Teresa Coady (born July 1956) is a Canadian architect and the former  president and founding partner of the Vancouver, British Columbia-based architecture firm B+H BuntingCoady (now part of B+H Architects).  She is a member of the Canadian Chapter of the International Initiative for a Sustainabie Built Environment and a member of the  United Nations Environment Programme Advisory Board. She is the author of Rebuilding Earth: Designing Ecoconscious Habitats for Humans.

Life and career
Teresa Coady received her degree in Architecture in 1983 from the University of British Columbia. She is best known for her architectural work in the area of sustainability and energy-efficient design.  In 1993, Teresa Coady and Tom Bunting founded Bunting Coady Architects; the practice was renamed in 2010 to B+H BuntingCoady Architects Inc. Coady  completed two years of engineering and received a bachelor of fine arts prior to pursuing a master's degree in Architecture.

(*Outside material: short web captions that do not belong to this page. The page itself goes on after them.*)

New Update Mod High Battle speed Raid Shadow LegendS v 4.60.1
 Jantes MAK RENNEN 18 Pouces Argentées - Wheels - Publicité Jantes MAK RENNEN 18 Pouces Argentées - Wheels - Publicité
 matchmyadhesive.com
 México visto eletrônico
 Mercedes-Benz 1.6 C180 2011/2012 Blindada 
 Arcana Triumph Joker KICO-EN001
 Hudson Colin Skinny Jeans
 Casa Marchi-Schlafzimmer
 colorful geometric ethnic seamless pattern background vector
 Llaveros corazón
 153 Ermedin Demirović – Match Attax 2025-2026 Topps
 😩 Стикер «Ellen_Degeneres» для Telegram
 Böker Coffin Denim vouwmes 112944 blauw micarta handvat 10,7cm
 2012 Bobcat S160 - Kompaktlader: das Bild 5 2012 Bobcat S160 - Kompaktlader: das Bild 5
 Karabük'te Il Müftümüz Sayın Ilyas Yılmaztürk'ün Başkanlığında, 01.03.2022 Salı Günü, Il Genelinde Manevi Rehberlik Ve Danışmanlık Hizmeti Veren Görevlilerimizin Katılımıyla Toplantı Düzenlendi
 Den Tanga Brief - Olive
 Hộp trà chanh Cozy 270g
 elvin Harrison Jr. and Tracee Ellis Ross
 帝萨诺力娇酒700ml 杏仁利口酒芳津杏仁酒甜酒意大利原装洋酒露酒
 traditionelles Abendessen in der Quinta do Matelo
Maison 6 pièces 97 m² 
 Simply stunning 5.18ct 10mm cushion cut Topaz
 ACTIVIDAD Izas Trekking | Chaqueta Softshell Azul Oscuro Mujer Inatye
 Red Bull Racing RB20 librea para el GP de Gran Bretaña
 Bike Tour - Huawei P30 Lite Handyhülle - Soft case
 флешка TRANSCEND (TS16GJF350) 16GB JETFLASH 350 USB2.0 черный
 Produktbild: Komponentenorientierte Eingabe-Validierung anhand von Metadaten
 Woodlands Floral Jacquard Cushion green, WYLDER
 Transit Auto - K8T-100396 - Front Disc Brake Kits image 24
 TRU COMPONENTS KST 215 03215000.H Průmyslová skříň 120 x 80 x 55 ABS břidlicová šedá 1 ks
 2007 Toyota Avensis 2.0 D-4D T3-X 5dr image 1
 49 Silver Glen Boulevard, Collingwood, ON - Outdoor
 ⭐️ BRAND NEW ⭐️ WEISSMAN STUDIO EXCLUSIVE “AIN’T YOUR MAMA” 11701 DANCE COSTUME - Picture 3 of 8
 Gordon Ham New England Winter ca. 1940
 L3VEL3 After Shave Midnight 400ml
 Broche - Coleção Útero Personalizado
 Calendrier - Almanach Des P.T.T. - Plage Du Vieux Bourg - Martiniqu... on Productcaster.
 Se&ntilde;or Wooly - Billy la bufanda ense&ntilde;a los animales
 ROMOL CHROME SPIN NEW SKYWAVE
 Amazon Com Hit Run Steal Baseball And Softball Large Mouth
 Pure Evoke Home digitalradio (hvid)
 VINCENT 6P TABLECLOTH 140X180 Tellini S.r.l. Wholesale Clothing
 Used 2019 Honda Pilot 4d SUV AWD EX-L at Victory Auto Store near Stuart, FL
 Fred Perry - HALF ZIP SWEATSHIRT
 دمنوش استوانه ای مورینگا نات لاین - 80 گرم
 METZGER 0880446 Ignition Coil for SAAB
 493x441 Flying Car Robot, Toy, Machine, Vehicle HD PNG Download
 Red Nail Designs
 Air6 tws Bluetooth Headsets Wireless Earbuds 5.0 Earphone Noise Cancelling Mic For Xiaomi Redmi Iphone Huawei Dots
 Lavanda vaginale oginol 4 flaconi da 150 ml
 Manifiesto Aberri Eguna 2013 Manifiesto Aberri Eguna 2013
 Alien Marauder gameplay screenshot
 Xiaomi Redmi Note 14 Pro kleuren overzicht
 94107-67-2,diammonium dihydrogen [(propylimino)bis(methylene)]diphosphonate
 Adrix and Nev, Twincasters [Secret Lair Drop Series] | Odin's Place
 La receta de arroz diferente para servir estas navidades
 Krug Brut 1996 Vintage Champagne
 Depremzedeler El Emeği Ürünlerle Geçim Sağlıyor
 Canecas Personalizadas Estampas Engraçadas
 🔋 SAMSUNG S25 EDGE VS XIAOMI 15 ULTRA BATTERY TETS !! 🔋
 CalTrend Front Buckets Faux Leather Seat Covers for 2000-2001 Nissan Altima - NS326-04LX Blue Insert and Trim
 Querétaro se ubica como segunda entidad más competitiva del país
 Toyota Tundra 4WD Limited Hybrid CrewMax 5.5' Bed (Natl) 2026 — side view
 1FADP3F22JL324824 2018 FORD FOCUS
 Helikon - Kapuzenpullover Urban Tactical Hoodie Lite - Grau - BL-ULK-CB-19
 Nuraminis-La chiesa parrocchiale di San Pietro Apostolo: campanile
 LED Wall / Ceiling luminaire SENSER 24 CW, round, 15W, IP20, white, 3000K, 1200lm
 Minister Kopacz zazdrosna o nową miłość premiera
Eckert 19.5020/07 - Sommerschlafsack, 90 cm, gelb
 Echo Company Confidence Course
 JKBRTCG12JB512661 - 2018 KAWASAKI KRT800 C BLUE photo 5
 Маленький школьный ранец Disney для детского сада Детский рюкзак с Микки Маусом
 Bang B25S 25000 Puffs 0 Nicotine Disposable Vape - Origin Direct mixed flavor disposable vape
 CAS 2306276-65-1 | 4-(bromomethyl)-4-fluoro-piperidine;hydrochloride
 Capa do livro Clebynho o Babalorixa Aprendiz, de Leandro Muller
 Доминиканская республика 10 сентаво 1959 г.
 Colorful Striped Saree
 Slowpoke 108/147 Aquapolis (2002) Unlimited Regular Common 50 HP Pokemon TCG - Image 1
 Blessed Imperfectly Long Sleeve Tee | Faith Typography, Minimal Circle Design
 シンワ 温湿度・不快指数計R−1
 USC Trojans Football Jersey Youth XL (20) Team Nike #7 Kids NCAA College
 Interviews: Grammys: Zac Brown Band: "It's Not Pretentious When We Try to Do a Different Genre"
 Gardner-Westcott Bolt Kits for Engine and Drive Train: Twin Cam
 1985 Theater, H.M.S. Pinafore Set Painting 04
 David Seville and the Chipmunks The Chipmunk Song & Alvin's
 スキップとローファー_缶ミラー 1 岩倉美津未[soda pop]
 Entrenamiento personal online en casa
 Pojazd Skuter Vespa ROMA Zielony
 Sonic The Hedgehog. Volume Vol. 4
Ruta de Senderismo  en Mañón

The statement “We create Living, Breathing Buildings”, which is trademarked by B+H BuntingCoady, developed from Coady’s master thesis entitled "The Living Breathing Building". Coady sites her thesis project "The Living Breathing Building" as the mechanism though which her architectural values came to light. While her thesis was initially rejected for being ‘not architectural’, the principles associated with the phrase “Living, Breathing Buildings” became the founding values upon which Bunting Coady Architects was initially created and upon which B+H BuntingCoady operates.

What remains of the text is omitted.